(PROBLEM DETAILS) Wherever pictures appear in the listing below, leave them out, and copy exactly, and only, everything from the line with "Casal_9-Diana_Machado_e_Bruno_Freitas.jpg" down to the line with "01_Direcc Obra".

(GIVEN ENTRIES)
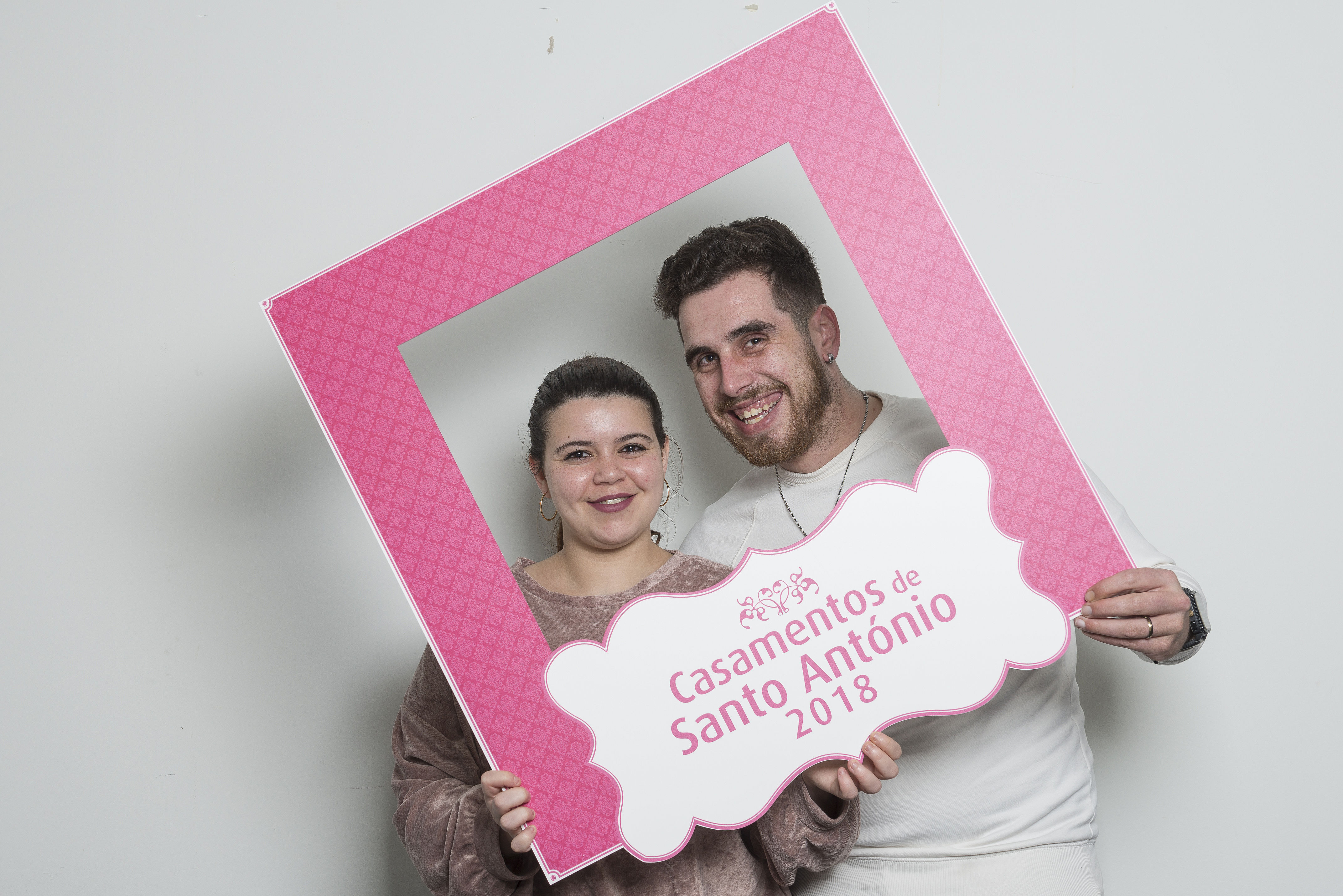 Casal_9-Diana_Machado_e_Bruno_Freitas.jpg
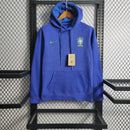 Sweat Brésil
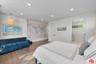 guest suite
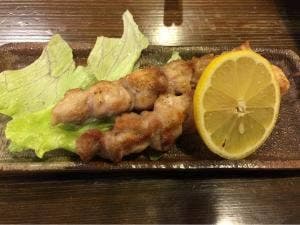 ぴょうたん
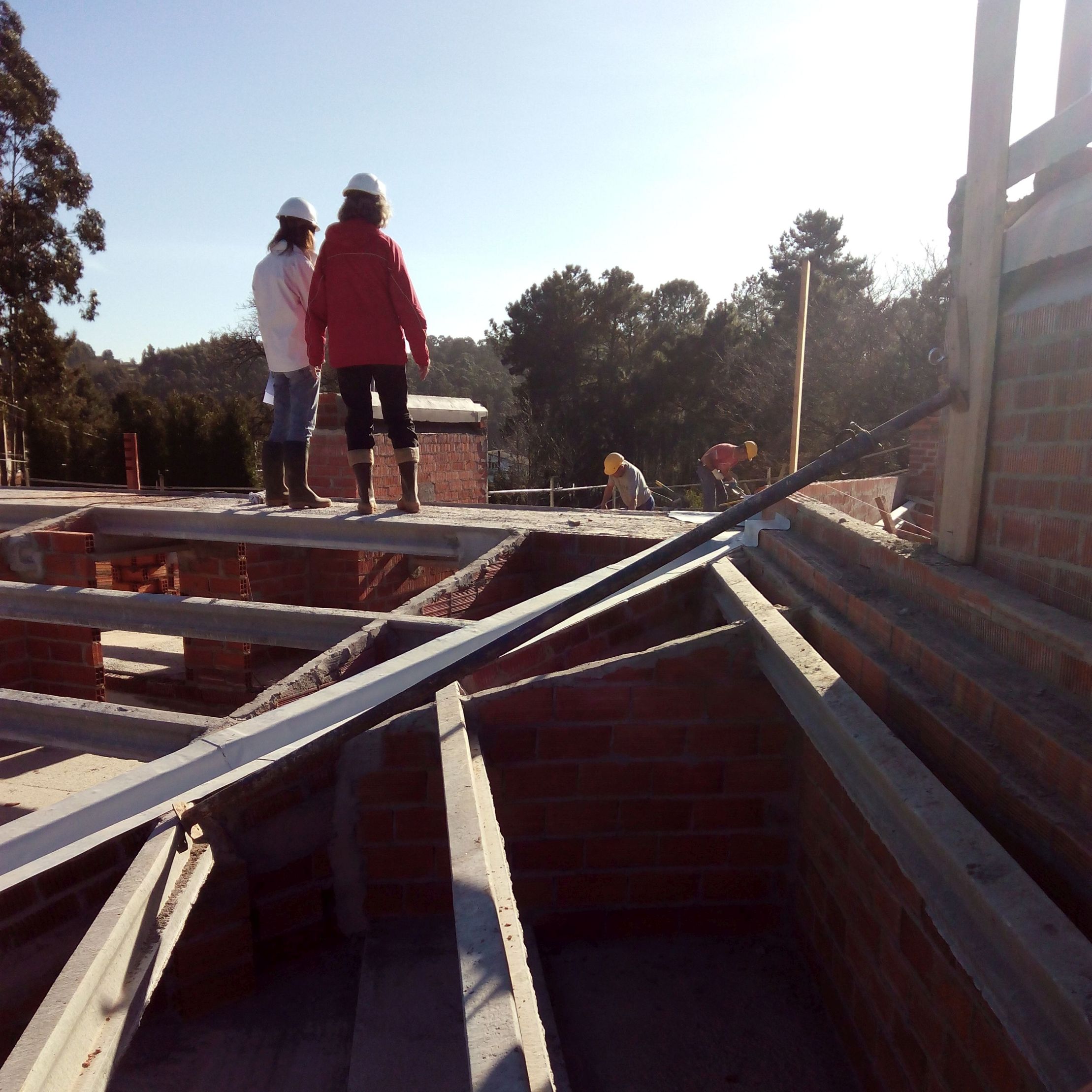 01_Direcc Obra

==

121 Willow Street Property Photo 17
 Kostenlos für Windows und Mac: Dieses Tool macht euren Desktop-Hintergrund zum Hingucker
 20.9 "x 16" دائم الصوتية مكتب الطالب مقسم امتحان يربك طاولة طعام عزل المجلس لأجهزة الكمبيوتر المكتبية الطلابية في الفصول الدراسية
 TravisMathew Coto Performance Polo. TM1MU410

* * *

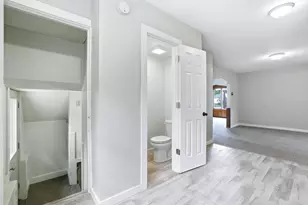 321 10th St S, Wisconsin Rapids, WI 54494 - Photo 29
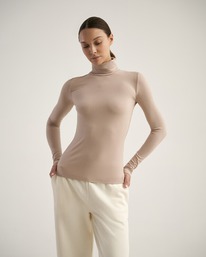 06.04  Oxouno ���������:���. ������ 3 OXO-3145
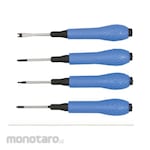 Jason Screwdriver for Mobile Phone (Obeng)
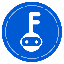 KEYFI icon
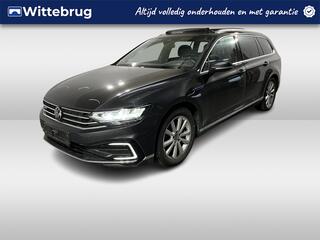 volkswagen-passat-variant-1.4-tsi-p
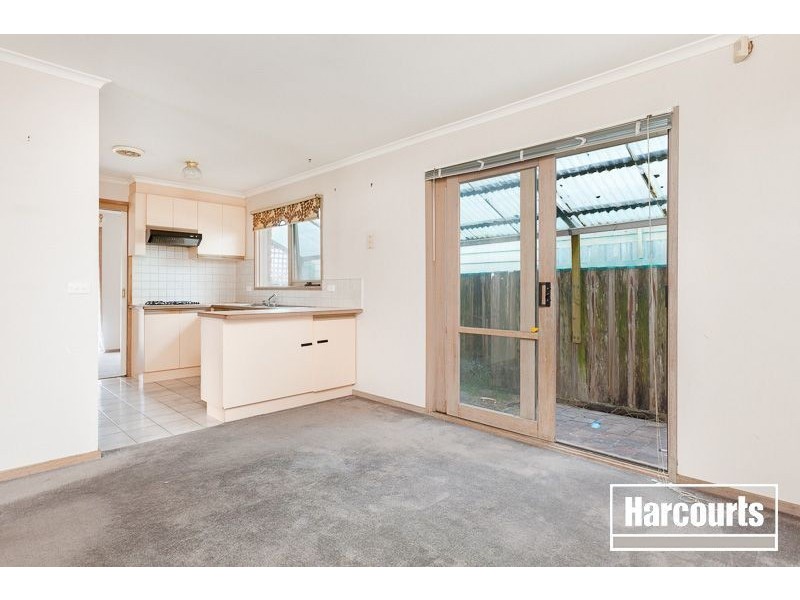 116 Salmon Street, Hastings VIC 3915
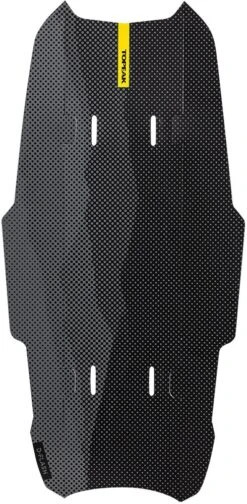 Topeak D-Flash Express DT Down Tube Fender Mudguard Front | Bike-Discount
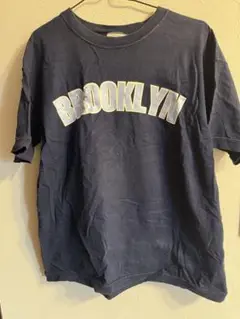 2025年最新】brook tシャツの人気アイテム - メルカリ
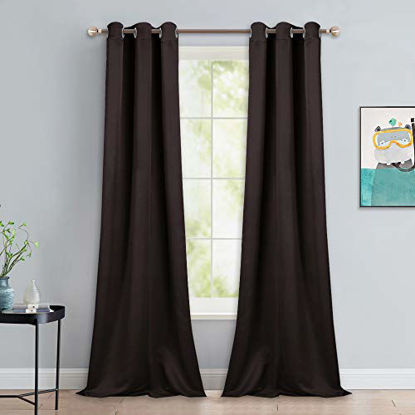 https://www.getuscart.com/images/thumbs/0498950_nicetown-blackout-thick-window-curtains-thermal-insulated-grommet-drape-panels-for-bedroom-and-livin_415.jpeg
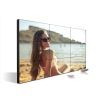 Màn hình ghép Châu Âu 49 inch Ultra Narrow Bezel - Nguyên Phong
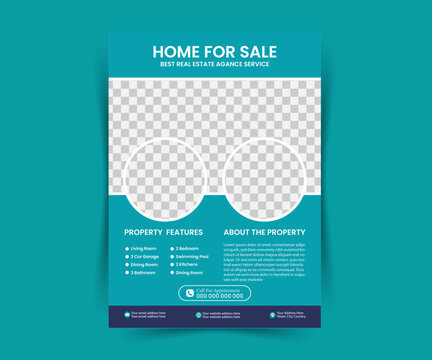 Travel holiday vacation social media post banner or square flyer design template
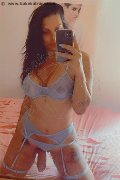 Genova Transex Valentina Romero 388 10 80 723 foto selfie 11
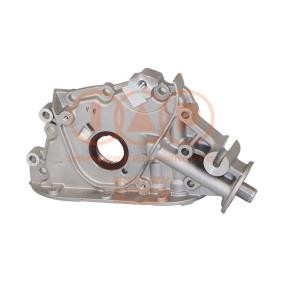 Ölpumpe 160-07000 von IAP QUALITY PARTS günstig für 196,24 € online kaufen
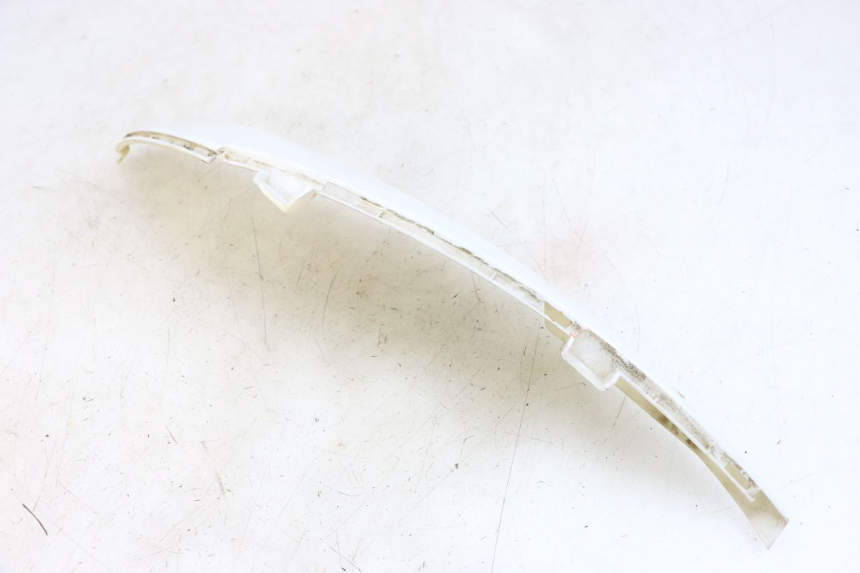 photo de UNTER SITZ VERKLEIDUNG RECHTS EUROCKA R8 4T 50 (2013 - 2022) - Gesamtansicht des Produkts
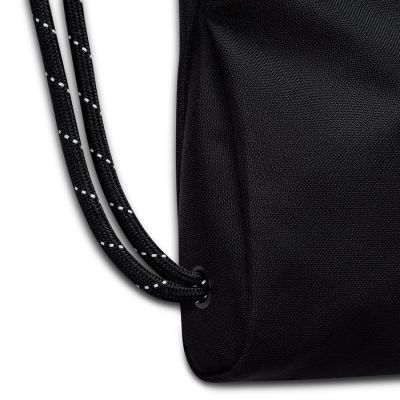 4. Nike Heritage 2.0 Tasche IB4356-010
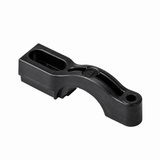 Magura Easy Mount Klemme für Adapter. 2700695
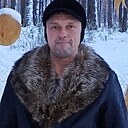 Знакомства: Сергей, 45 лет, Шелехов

(SOLUTION TO THIS PROBLEM)
 Casal_9-Diana_Machado_e_Bruno_Freitas.jpg
 Sweat Brésil
 guest suite
 ぴょうたん
 01_Direcc Obra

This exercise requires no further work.